The data are available as xls file, with different tabs that explain the data. But I saved the first tab, which is the actual data, composed of years and the corresponding average BMIs of different countries. There were 199 countries in this data set. (According to answers to a Quora question, the number of countries of the world varies.) BMI values were from 1980 to 2008. After saving the first tab into a csv file in an appropriate folder in my computer, I loaded it on R using the “read.csv” function with the default arguments.

bmi_female <- read.csv('indicator_bmi_female.csv')

The resulting dataframe has dimension of 199 observations (countries) and 30 variables (the first is “Country” and the rest are the years of the character class).


After playing with the table for a while, I saw the need to convert it to a data with three columns.

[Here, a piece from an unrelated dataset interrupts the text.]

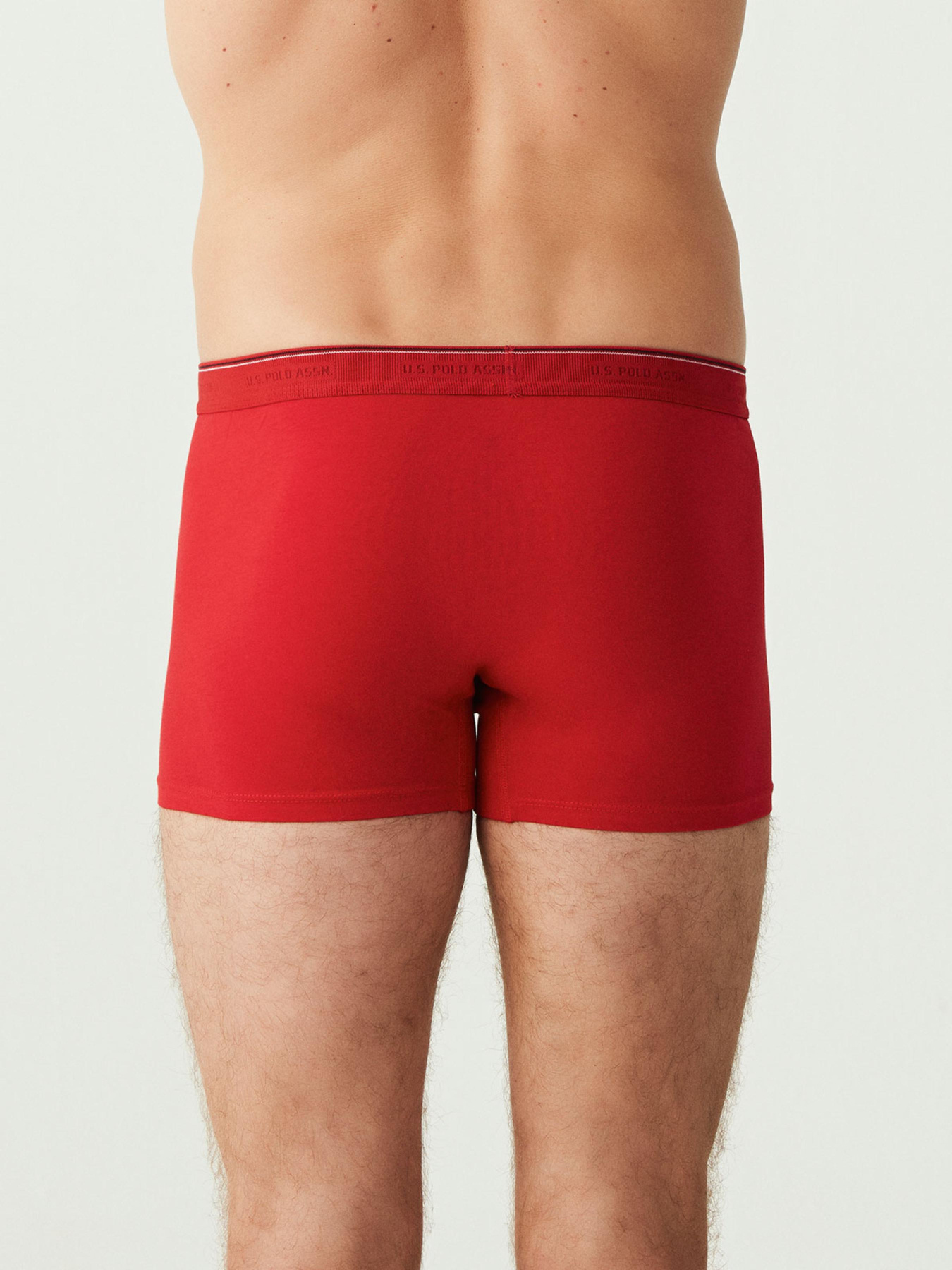 Набір трусів US Polo модель P80093SETAR Фото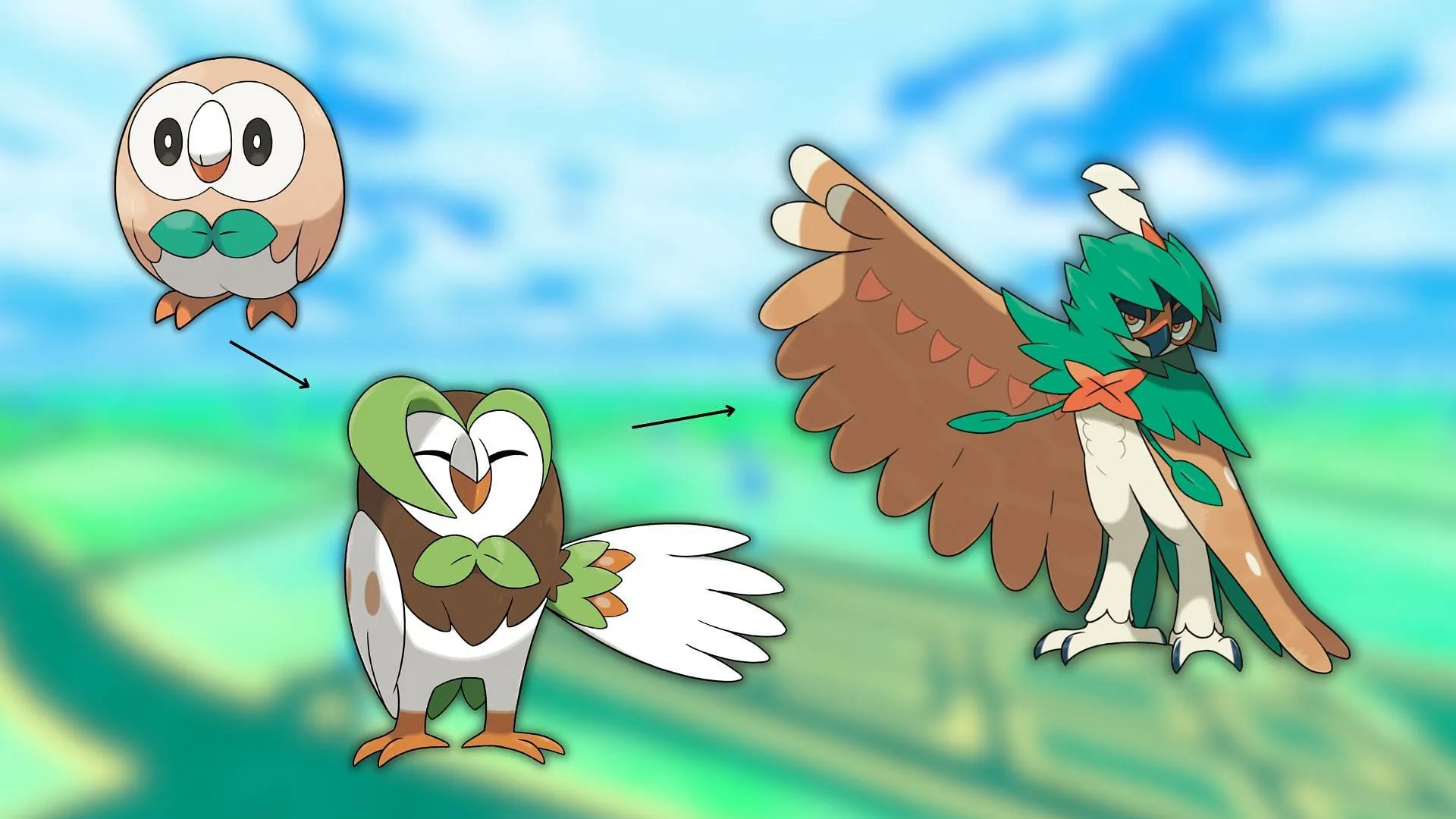 Rowlet's evolution line (Image via The Pokemon Company)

The first column would have to be the country, the second is the year, and the third column is the BMI values. I used the tidyr package to this end.

bmi_female2 <- gather(bmi_female, "year", "bmi", 2:30)

The resulting dataframe is now composed of 5771 observations and three variables.


In this way, I can use shorter lines of code creating my boxplots which are better than the histograms to show the trend in the female BMI throughout the years. For the following boxplot, I limited the y-axis to nine years out of the 29 available.

ggplot(data = bmi_female2, aes(x = year, y = bmi, color = year, fill = year, alpha = 0.5)) +
  geom_boxplot() +
  scale_x_discrete(limits = c("X1980", "X1982", "X1984", "X1988", "X1992","X1996", "X2000", "X2004", "X2008"))


So one can see that throughout the years, the female BMIs are getting higher, in general. The histograms reveal that female BMI distribution is sort of bimodal. I’m now curious to see what the trend is in the corresponding male BMI values.